I spent the last night of my road trip in the best decent hotel in downtown Las Vegas available on the booking site I always use.
Coming up out of Death Valley, I purposely lingered on the Nevada border, where there is a giant cow statue. I took a business call before catching the last hour of sunlight to connect onto the main arterial highway heading south into Las Vegas.
Normally I would avoid driving after full dark, but I went at least a half hour past civil twilight. Not only was it easier to navigate the freeways on the edge of the metropolis after dark, but downtown Las Vegas is more accessible by dark, because the buildings are simplified by the outlines in neon. I found the scummy parking garage of the Downtown Grand parked beside other nice cars in a well lit area. Then I dragged my bags down a grimy stairway to the street. I found myself popped out into the dark as a couple older buddies walked by, surprised by my sudden appearance out of the door.

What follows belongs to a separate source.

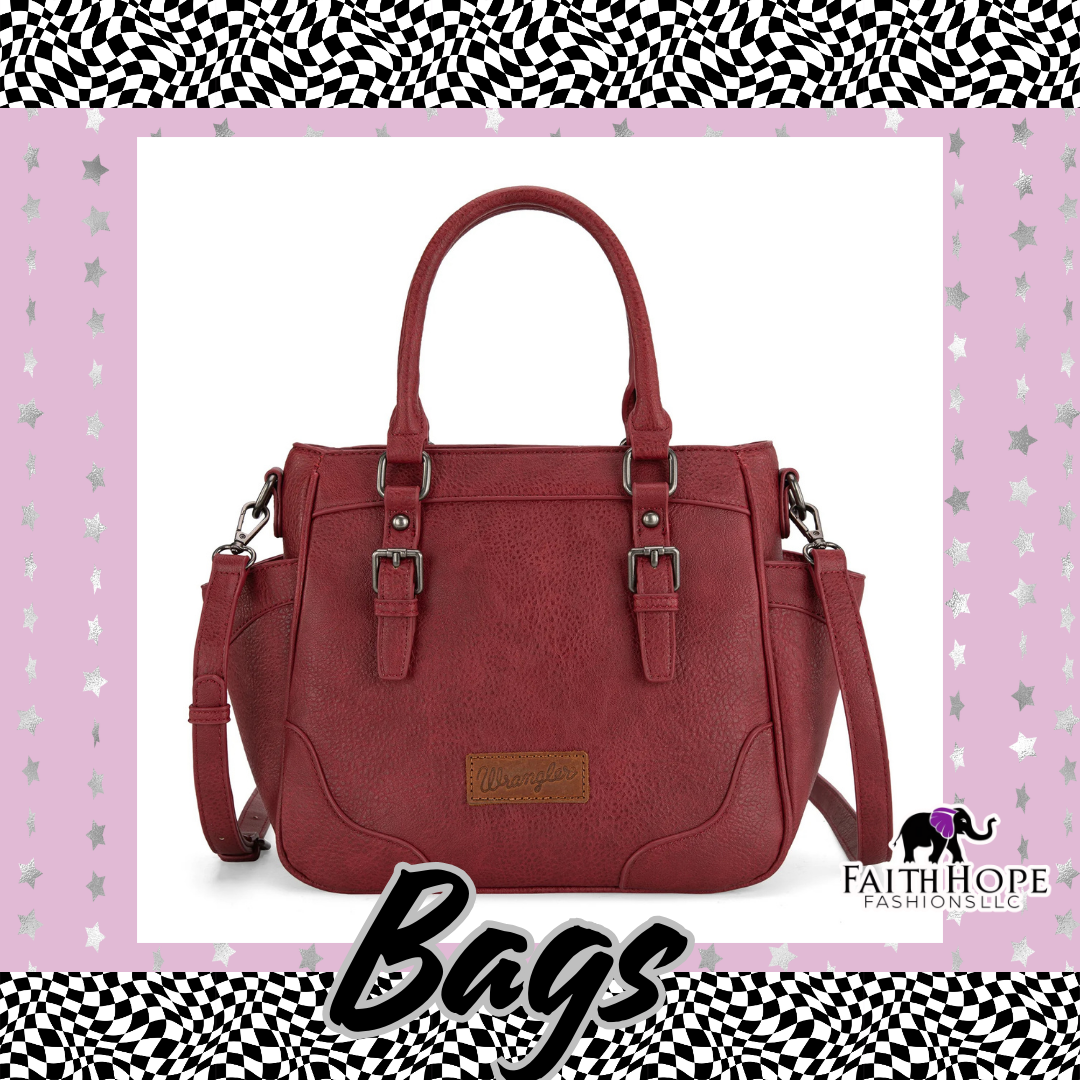 Red Wrangler Bag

I dragged my bag across Ogden Street into the well-lit but completely empty valet parking area of the hotel. The temperature stand at the door was unmanned. I found myself in the Casino, which had about a dozen people on the entire floor visible. Being a veteran of such hotels, I knew it would entail navigating a small maze to get to the hotel checkin. They'd lover for you to blow your entire wad in the machines before you even get there. There are always multiple twists and turns, designed to get you disoriented. Fortunately the maze was small and I was immediately at the desk checking in.
It made me miss the Trump International, which is not a casino. You walk into the lobby like a normal hotel.
But I'd figured it was necessary to experience Downtown during the shutdown, as I had the area around the strip. So I found my room. It took going up an escalator, then across a sky bridge giving a web of the Mob & Law Enforcement Museum, which I had not visited when Lars and Stefan went there during our 2017 visit to this city.
On the other side of the skybridge was a tower part of the hotel, which evidently had been acquired by purchase and grafted onto the previous hotel. I went up the elevator the 14th floor. The lobby smelled a little of garbage. But it was newer, so no cigarette smoke, My room had a great view of the lights of downtown. I stood looking out at the neon and the building-sized video screens on the side of other hotels, as well as a huge screen in the nearby Fremont Street Experience showing an English soccer match.
After checking in, I walked around a bit after dark looking for a bite to eat. I walked over to Fremont Street, the covered area of downtown. There was a metal barricade. I figured it was to make sure people were wearing masks. It was. I decided to forgo going inside. A peek was all I needed to see how mostly empty it was, even though the music was just as loud. A group of Las Vegas police and EMTs were nearby carting away several people, one young man in handcuffs, and two older guys, one strapped on a stretcher and one in a wheel chair, ranting as they pushed him towards an ambulance. Being that it was none of my business, I didn't turn and scrutinize them for any details.
It seemed about half the businesses were open, that might have been normally open that night in downtown. I thought about grabbing a burger at the restaurant inside the El Camino, which had been a famous mobster's first purchase in Las Vegas after World War II, but the odor of ancient smoke permeating the casino repelled me back out onto the street. I'd been there anyway. It is no great shakes. The most boring architecture in the world is the interior of casinos. Everything of interest about them is on the outside.
Finally I found myself is the downtown 7-11 buy a chicken sandwich and a coffee drink and pastry for the morning. Casino hotels don't have coffee in the rooms. They want you out of your room and in the lobby as quickly as possible. The Trump International had coffee in the room.